What I instead want to bring to light is the consideration that must be given to these lives, and the flexibility for action to engage with these issues that are just as important. Passive acknowledgment through the distribution of pamphlets highlighting that “someone cares” has been proven insufficient. What we need is to start a discourse that tackles the issue of mental health among students head-on and to demand proactive and inclusive action for its mitigation. Safe spaces must hold true to their promises – to provide an avenue for the expression of grievances that are likely to be raw and unfiltered without fear of ostracisation. What we need is not necessarily physical reforms, for I have made it clear that we are aware of the pandemic and the distraught it brings to others. Rather, what we only helplessly desire is empathy, to understand that our words do not come from a place of malice, but from a thought process that has encountered periods of mass turbulence, void of familiar faces and bodies to lend a much-needed shoulder to cry on.

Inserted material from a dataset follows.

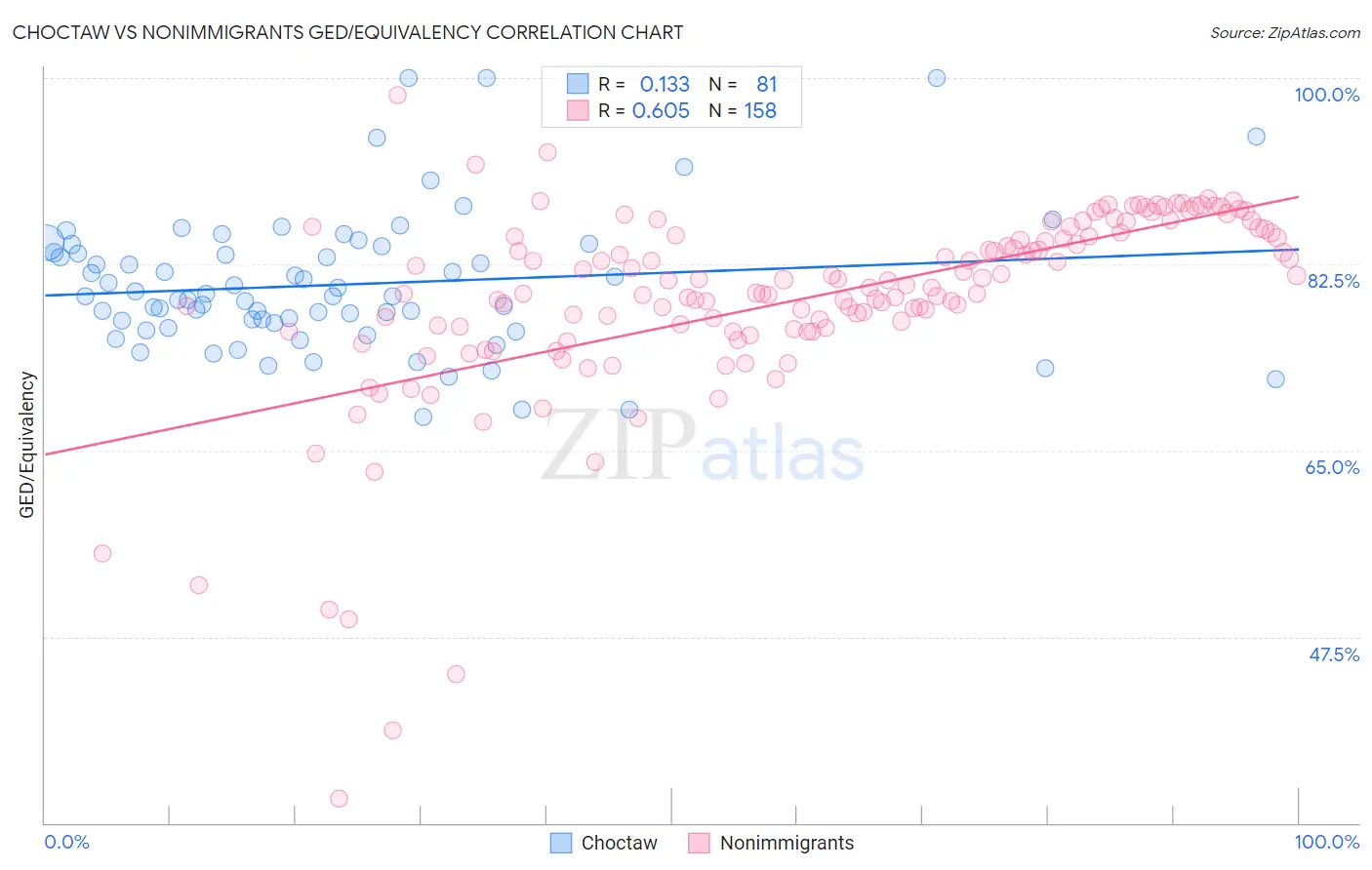 Choctaw vs Nonimmigrants GED/Equivalency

It is quite ironic that in times of mass ambiguity, we are yet to form responsive modes of governance and administration that attend to our complex and uncertain needs. Understanding the caveats of broad strokes of generalisation, I refrain from discussing the particular forms that these reforms in modes of thinking about the pandemic should take place, for it is instead the burden of local government and non-governmental bodies to listen carefully to the silent hum for help from their populace. At the end of the day, the university should entail a phase of life where one is not only subjected to periods of mass workloads (as I currently find myself tackling) but also moments of liberating self-discovery where a niche sense of self is established within this multi-world globe.

Again, a reiteration must be made that this is only a fraction of the issues that pertain to mental health, for its devastating effects know no boundaries of age, occupation, and background. We can only hope for this piece to bring forward other distinct experiences that need to be respected both for its distinctions and its similarities in a global network of those who find themselves struggling. In essence, we at Mula understand and feel for those who are finding themselves in particularly difficult situations – be it in health, finance, or mentally. What we seek is to raise the alarm to urgently reconsider the structures and relations that have formed the basis of society and to question its sustainability especially in times of crisis.